Records detail a Dec. 27 fight behind the counter at a Craig Road KFC that left an employee wounded and two defendants facing attempted murder counts.
NORTH LAS VEGAS, Nev. — A customer complaint about gravy at a KFC erupted into a stabbing behind the counter on Dec. 27, sending an employee to the hospital and ending with two men arrested nearby, according to North Las Vegas police and court filings.
The case moved quickly into court this week as judges set bail and ordered monitoring if either defendant posts bond. Police reports outline an abrupt escalation from a service dispute to violence inside the fast-food restaurant. The arrests capped a holiday weekend that kept patrol units busy across the valley. The immediate stakes now shift to whether prosecutors add or amend charges and what evidence — including any store video and the knife recovered by officers — shows about how the confrontation unfolded.
Arrest paperwork identifies the suspects as Gerald Carter, 32, and James Carter, 48. Officers wrote that the argument began at the counter and “went to the back” after the customer demanded to speak with a manager. During the struggle that followed, an employee suffered a stab wound. Responding units found the two men walking away from the restaurant and detained them without further incident. Officers noted they recovered a large knife from Gerald Carter’s pocket. In a recorded statement summarized in reports, Gerald Carter admitted fighting with an employee but denied stabbing the person. Police routed the victim for treatment. Officials did not immediately disclose the hospital or release a detailed condition update.

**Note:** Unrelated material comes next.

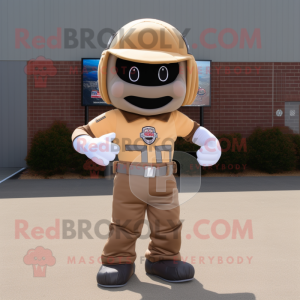 Tan American Football Helmet mascot costume character dressed with a Cargo Pants and Gloves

In a Tuesday hearing, North Las Vegas Justice Court Judge Jonathan Cooper set bail at $100,000 for Gerald Carter and $10,000 for James Carter, adding ankle-monitor conditions if either is released. Both men face charges of attempted murder with a deadly weapon. Jail logs listed them as still in custody after the hearing. Investigators did not immediately say whether they recovered additional weapons or collected blood evidence from the back-of-house workspace where the fight occurred. Witness statements referenced by police describe a brief, chaotic scene in the kitchen area as workers tried to separate the group.
The stretch of Craig Road that includes the KFC is a steady commercial corridor where restaurants pack lunchtime drive-thru lanes and parking lots back up to side streets. In recent years, police agencies across Southern Nevada have documented a rise in service-counter confrontations that spill past the register, especially during peak hours. Standard chain-restaurant policy warns customers not to enter food-prep areas and directs employees to disengage and notify management when tempers flare. The Dec. 27 case fits that pattern: a targeted argument over an order, a step into employee-only space and a rapid escalation that required police, according to the arrest narrative. The court file did not include a corporate statement from KFC as of midweek.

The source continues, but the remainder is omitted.